I am also too stubborn in adhering to my convictions. W wants me to say nothing about "adult matters" to our S's. That's fine. Except she includes in that anything that relates to our family status in general, which I, however, feel is fair game for sharing with our S's. W really just wants me to say nothing at all... about anything to our S's. The problem is I just can't do that. These are momentous, life-altering events happening to this family that will affect our S's gravely for the rest of their days. I can't ignore what is happening and leave my S's to try to figure out how to cope with this, or worse, go along with W in trying to make this destruction all sound so matter-of-fact, proper and even desirable. I am not going to participate in "selling" this D to my S's.

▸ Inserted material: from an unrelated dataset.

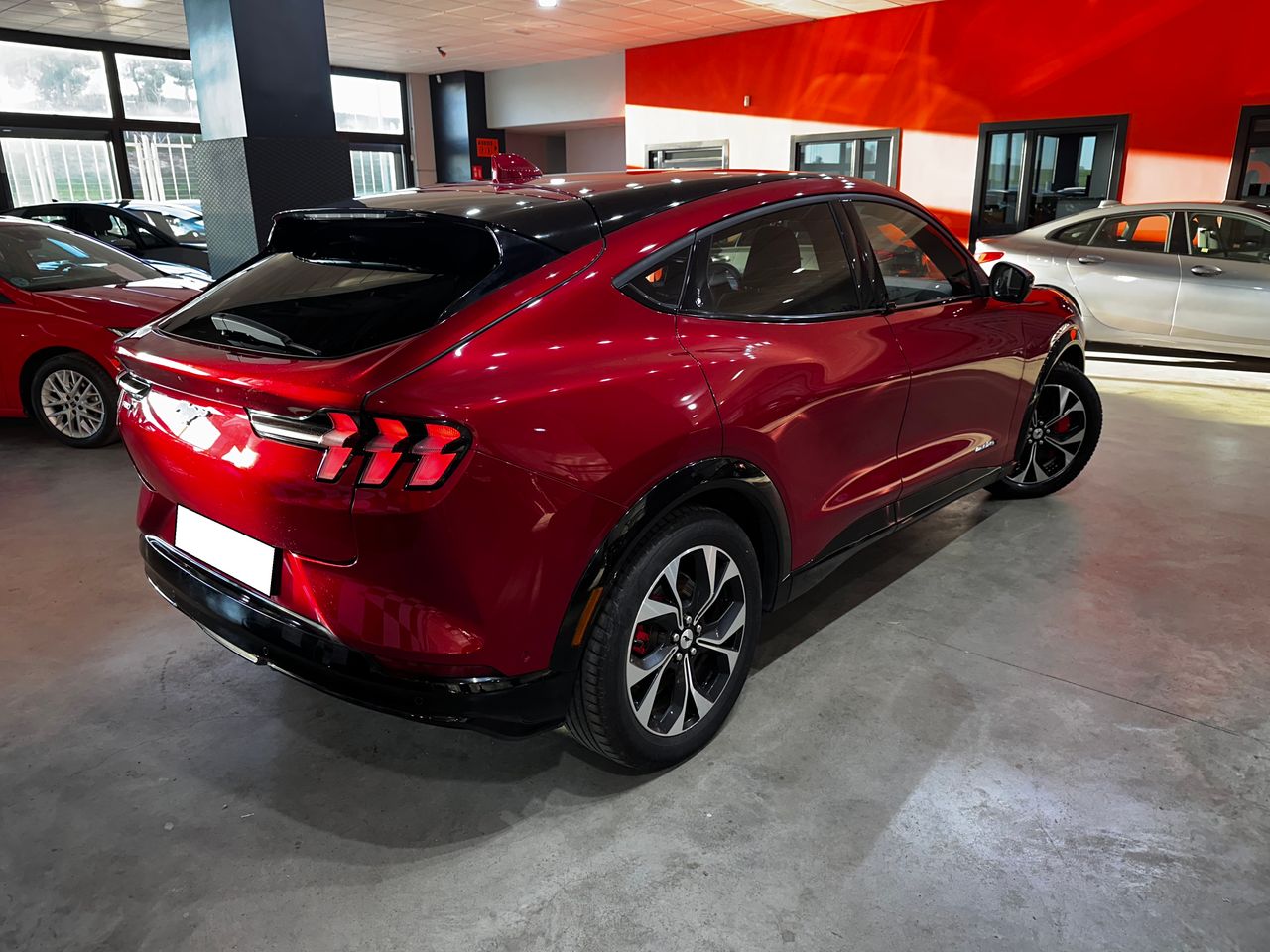 Foto Ford Mustang 6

NoCode, I've been following you thread for awhile and just wanted to chime in on this last post. Don't know if you've seen any of my threads (I've not posted nearly as much as some others on here), but we were at the point where you are now. We had been to a mediator I had even gotten to the point where I had my lawyer draw up a filing for D. We were days away from having those papers filed when things took a dramatic turn for the better. Anyhow, the point that I really wanted to bring up was discussing this with the kids. If your W doesn't want you having adult conversations with them, so be it. But they need to know and you should insist that you have this discussion together as a family. SOON! I pulled the quote below from Frank_D's first thread. I thought it was point on and I had a similar discussion with my W when things were at their worst.

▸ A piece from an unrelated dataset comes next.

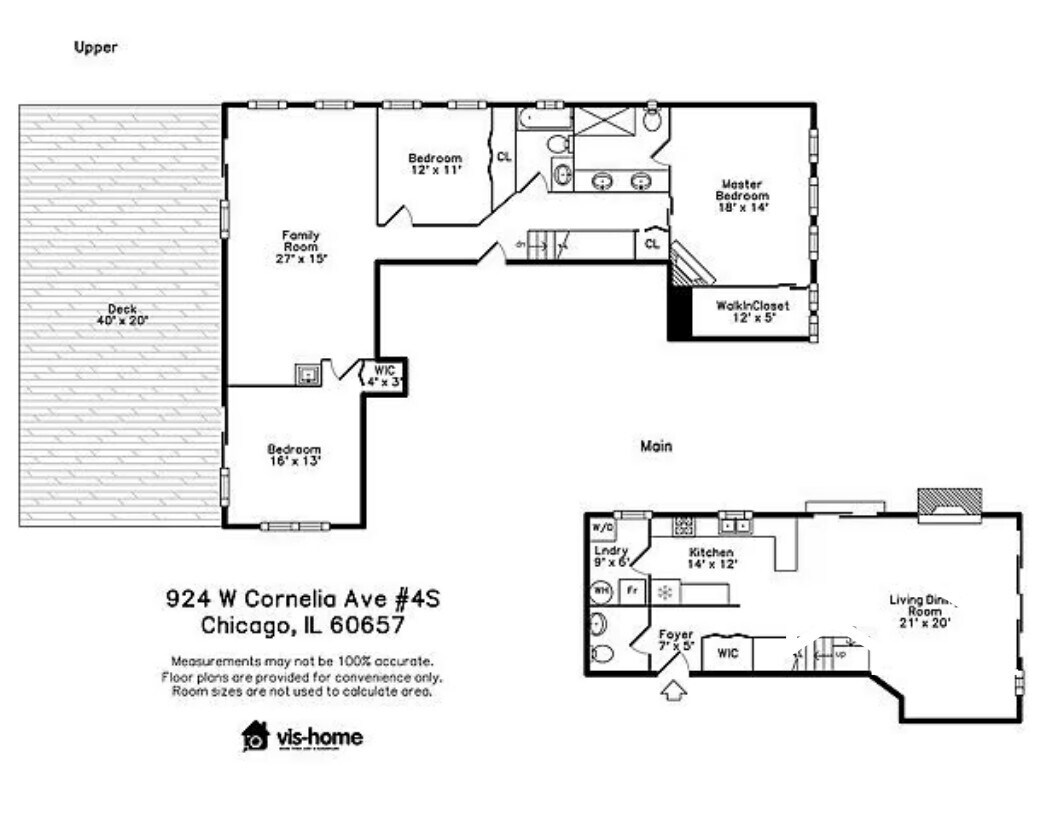 Building Photo - 924 W Cornelia Ave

Originally Posted By: Frank_D
Mom and Dad love each other, but Mom isn't in love with Dad any more and needs to move on to find her spiritual path in life. We'll be staying in this house and living together as a family but mom and dad will be separate. (C said to make sure it was clear that W was making the choices, not both of us together. This is better than the previous story where we took equal responsibility. She said that I shouldn't have to take any reponsibility except for not being able to give W the love she apparenlty needs and is seeking. W is divorcing me, Not mutually.)
Your W is having the A. Your W wants the D. She needs to take that responsibility in the discussion with the kids. I think just the thought of breaking this news to the kids can be a big reality check for the WAS.